Silicone brushes - e.g. Catalyst Blade Tools. It isn't a must-have but I'm sure once you'll try it you are going to love it. Perfect for smooth coats of gesso, mediums and paints. My favourite is Catalyst Mini Blade Tool 04 and 01.

Distressing tools - e.g. Prima, Tim Holtz Craft Scratcher - you may find them useful for some projects, but you can also get away with a knife or scissors if you are careful.

Wedge tools - you can invest in Princeton Catalyst Wedge Tools which I personally recommend, but you can also look for other kinds of combs or even try to make your own.

Small bottle with atomizer - One is enough. e.g. Ranger Mini Mister, Mister, Stampendous Spray Splatter Applicator or any other available on Ebay just for spraying water.

Brayer - medium size soft rubber brayer. My favourites are those from Ranger and Speedball.

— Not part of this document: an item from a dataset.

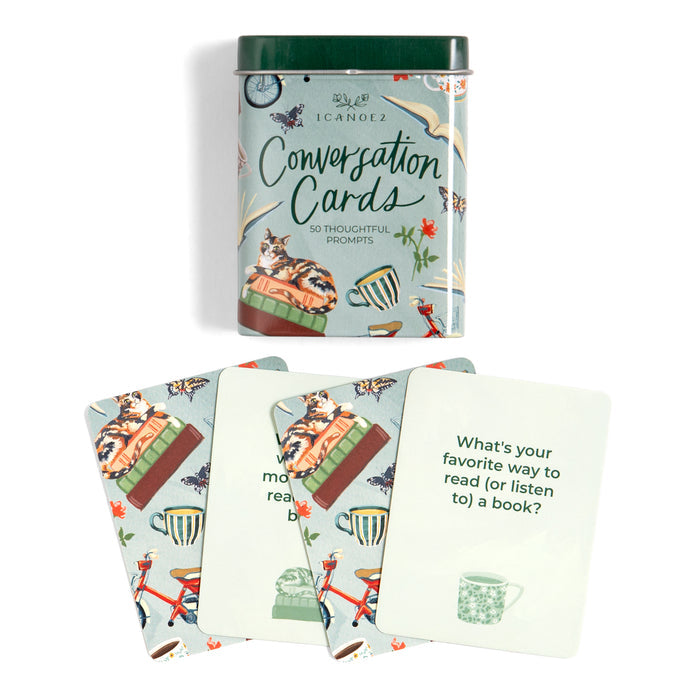Bookish Conversation Cards #525453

Craft heating gun - For making drying process faster you can substitute it with a hair dryer. Heating gun makes it easier though. It’s hotter and doesn’t blow away as much. I'm using a Ranger Heat It Craft Tool, but any other will be fine as well (e.g. American Crafts Zap embossing heat gun, Martha Stewart Crafts heat tool, Dovecraft Pink Heat Tool)

Gelatin printing plate - There are a few brands available but my all time favourite is Gelli Plate. Get yourself one in any size you want, we will have a lot (!) of fun with it.

Stamps and stencils - a few background stamps and stencils will add interest to our art journals and other mixed-media projects. Simply choose your favourites. Don't worry about acrylics blocks for stamps, or if they are mounted or not - it won't be an issue on my classes.

Journals - prepare a journal that you are going to work in. Of course it can be more than one. Make sure the paper is matte and thick enough (I recommend at least 190g/m2). My favourites are Dylusions Creative Journal in all sizes and Strathmore Mixed Media Visual Journal in 9" x 12" size. I also keep a sketchbook for ideas and quick drawings - a Hand Book Journal (Large Landscape size) and a few recycled books that I will show on my videos.

I recommend you to wait before you buy something for this class - please first watch my introduction video that is available on the Community as soon as you purchase the class.